◆ Task item ◆
Starting with the line that mentions "this 666×504 image.", repeat each line verbatim until the entries end, both ends included.

+++ Exercise input +++

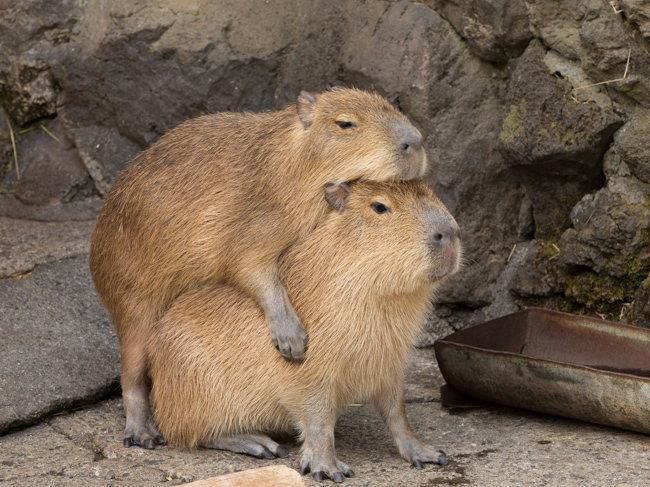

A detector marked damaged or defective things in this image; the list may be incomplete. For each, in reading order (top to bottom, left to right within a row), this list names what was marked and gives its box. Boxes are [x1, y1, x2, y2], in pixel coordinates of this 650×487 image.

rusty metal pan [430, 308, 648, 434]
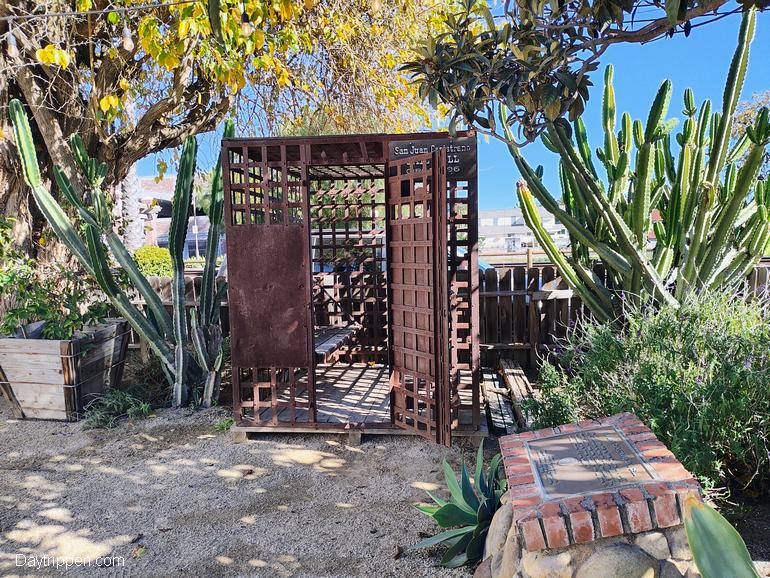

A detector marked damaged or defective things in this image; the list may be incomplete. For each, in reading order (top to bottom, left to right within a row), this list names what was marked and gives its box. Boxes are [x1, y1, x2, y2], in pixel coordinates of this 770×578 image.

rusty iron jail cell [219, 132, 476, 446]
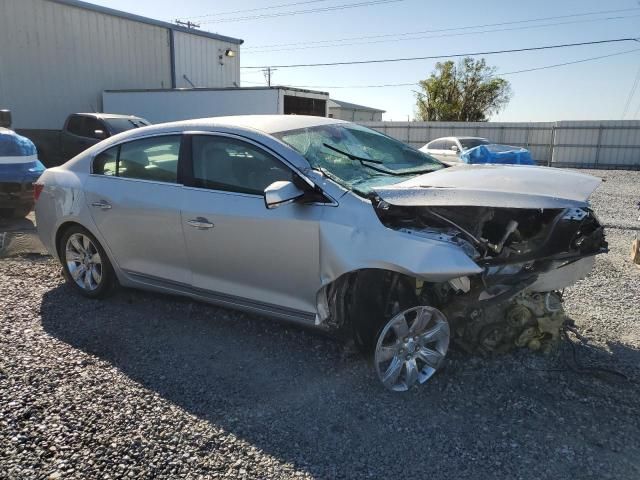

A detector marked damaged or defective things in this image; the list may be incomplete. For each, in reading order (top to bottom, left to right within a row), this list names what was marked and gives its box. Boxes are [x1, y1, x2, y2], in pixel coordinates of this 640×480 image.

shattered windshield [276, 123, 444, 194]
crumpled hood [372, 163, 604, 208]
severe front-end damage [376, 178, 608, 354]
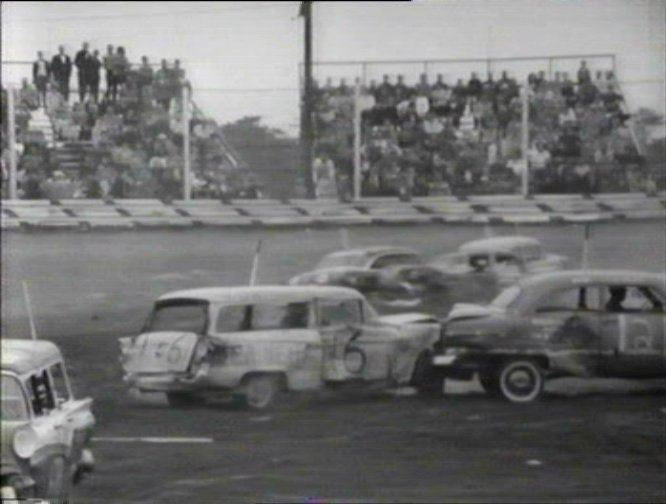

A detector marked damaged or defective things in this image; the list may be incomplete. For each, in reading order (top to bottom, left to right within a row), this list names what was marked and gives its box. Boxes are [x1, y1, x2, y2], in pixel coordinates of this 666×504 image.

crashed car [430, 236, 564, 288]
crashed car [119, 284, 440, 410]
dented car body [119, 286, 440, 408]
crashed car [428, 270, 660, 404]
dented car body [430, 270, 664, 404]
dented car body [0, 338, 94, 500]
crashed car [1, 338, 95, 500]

+++

◆ Exercise result ◆
A detector marked damaged or defective things in this image; the list may be incomplete. For each, in reading order (top to bottom, left to right within a row), this list names what was marked and gives its box. Boxes are [x1, y1, x2, y2], in pixel coordinates of this 666×504 image.

crashed car [430, 236, 564, 288]
crashed car [119, 284, 440, 410]
dented car body [119, 286, 440, 408]
crashed car [428, 270, 660, 404]
dented car body [430, 270, 664, 404]
dented car body [0, 338, 94, 500]
crashed car [1, 338, 95, 500]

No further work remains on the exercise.